Reiisi -- 零石: Oracle's patent #6061520

I posted at groklaw on this and I want to keep track of what I wrote.

At the current point in the proxy skirmish that is the patent face-off between Oracle and Google, several patents have been overturned, and one has been allowed, with claims narrowed, as I recall. Several remain in process or waiting in the queue.

The one which I understand to have been allowed, well, for all that the patent office has allowed it, is quite typical of a patent that should not have issued.

US Patent 6061520 describes, rather ambiguously, a series of steps for applying the technique of code optimization known among other things as constant elimination by "pre-playing the code" (or "play executing"), applied to initializing Java classes.

When we write software, we generally include a large number of constants (numbers, text, and other things which don't change while the program is running). Many of these constants are used to set up starting values of stuff the program references (thus, to "initialize variables").

In order to save the computer some calculation time, we often pre-calculate these constants. Say we want to use π. We can approximate it roughly with

22 / 7

but that still is a division the computer has to perform. 3.1416 is much closer, but may not be as accurate as the computer can represent internally. We could also write it as

arctangent( 1 ) * 4

which will be very close to as accurate as the computer can get (without special help).

(Before I go further, I should note that the Java language contains the constant π, as java.lang.Math.PI , so this is a bit of a contrived example when talking about Java, unless we want to talk about the arbitrary precision java.math class, which introduces a whole bunch of arcane programming that this conversation would quickly get lost in. Not entirely irrelevant, but not useful for the conversation at this point.)

But taking the arctangent of 1 does not come completely free.

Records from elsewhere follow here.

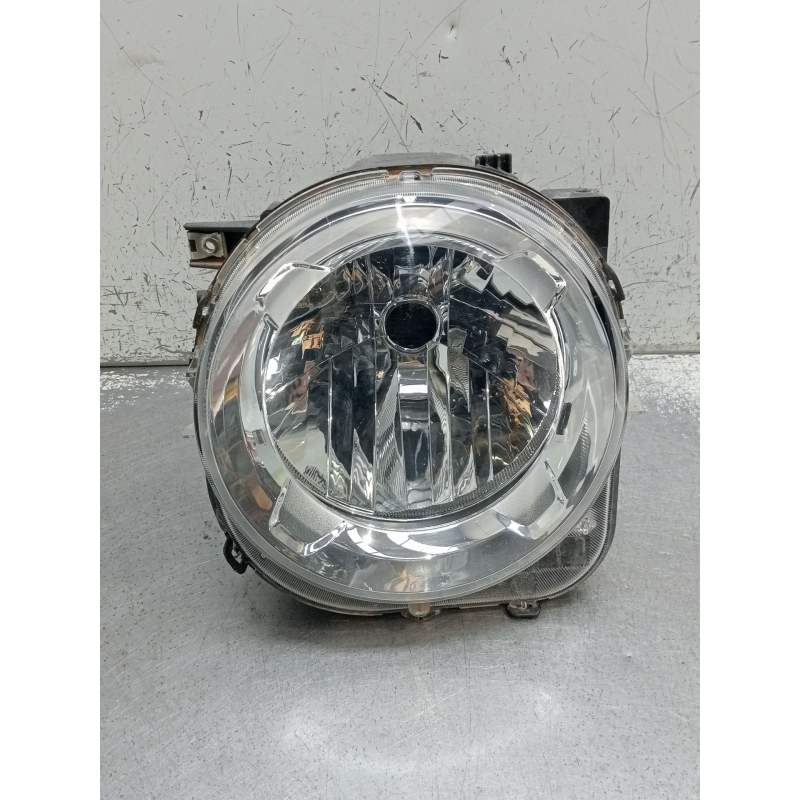 Recambio de faro izquierdo para jeep renegade referencia OEM IAM 00521440130  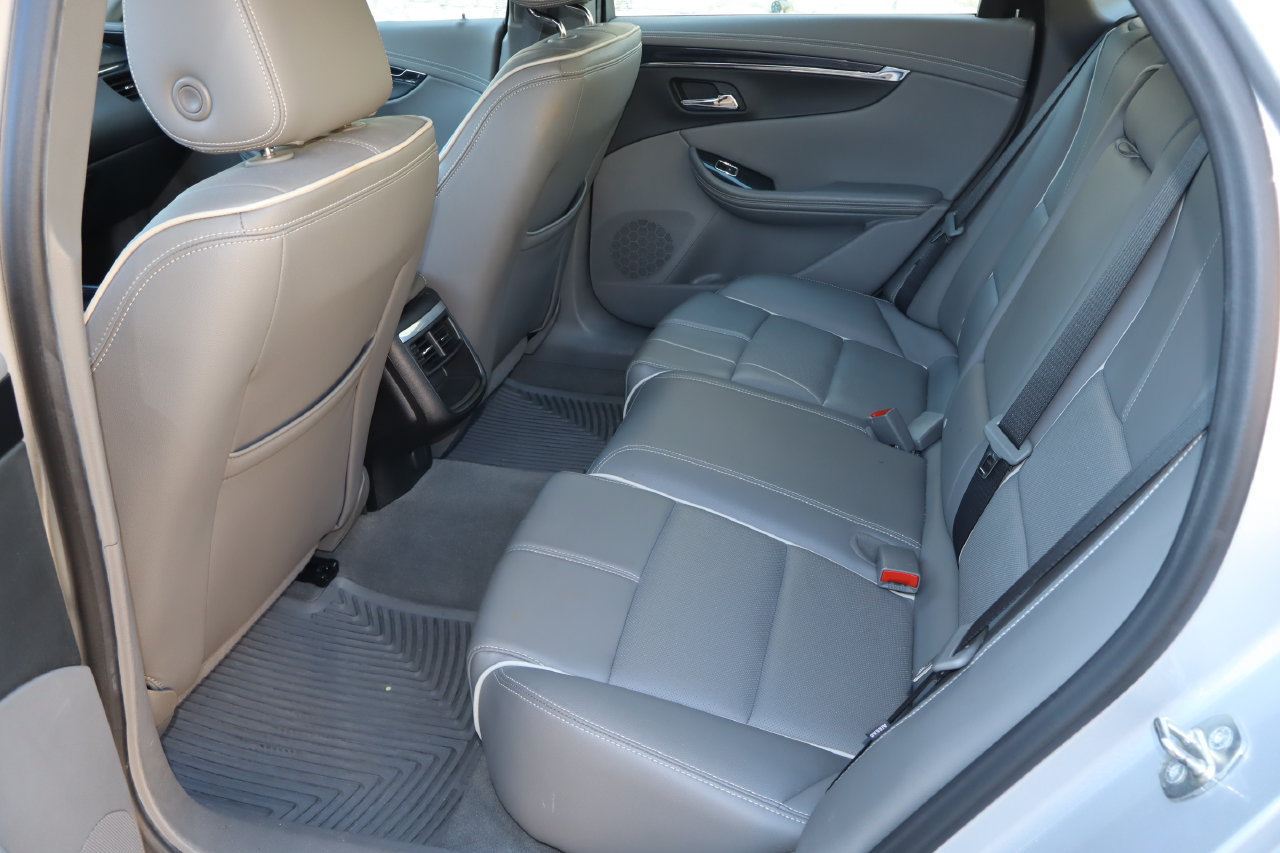 Used 2017 Chevrolet Impala Premier FWD image 5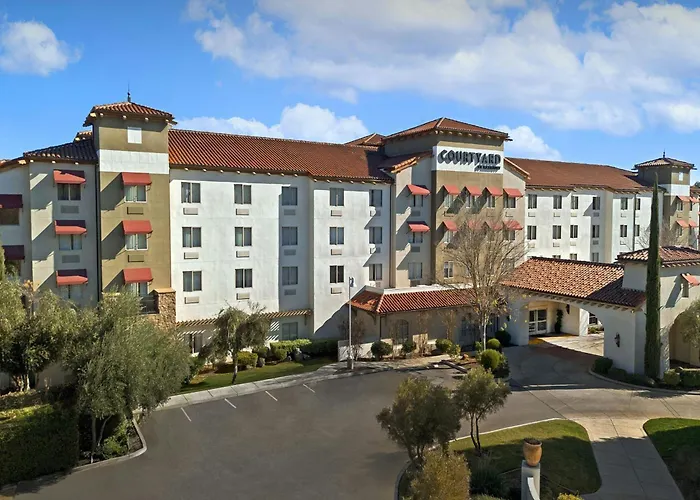 Courtyard By Marriott Paso Robles Hotel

Wouldn't it be great if we could get the computer to make that calculation once, then use the pre-calculated result everywhere the constant shows up in the program.

Yes, we can. Usually. Sometimes. A lot, with modern languages.

The patent references an example of an array initialization:

static int setup[ ]={1, 2, 3, 4};

and then says some stuff that lets you know why Java has a reputation for slow startup.

In C, that array declaration would be simply the values 1, 2, 3, and 4 stored in sequence in a table of all the initial values constants that the C startup code just reads directly into memory. No calculation whatsoever. No loading constants to the stack just to store them. No dealing with individual values. It's just part of the machine code image and gets loaded en-masse into memory with the machine code for the program.

Pre-calculating 22 / 7 is easy. Most mature compilers of any language, whether byte-code interpreted or compiling down to machine code, have been able to recognize constant expressions like this since time immemorial, or at least since the early-'90s. That is, I used compilers that were developed in the mid-'80s which could do it. If I were in Utah, I have two old AT&T Unix machines there from that time period, which have compilers that do that much. I have with me now a Metrowerks C compiler from the early-90s that does at least that well.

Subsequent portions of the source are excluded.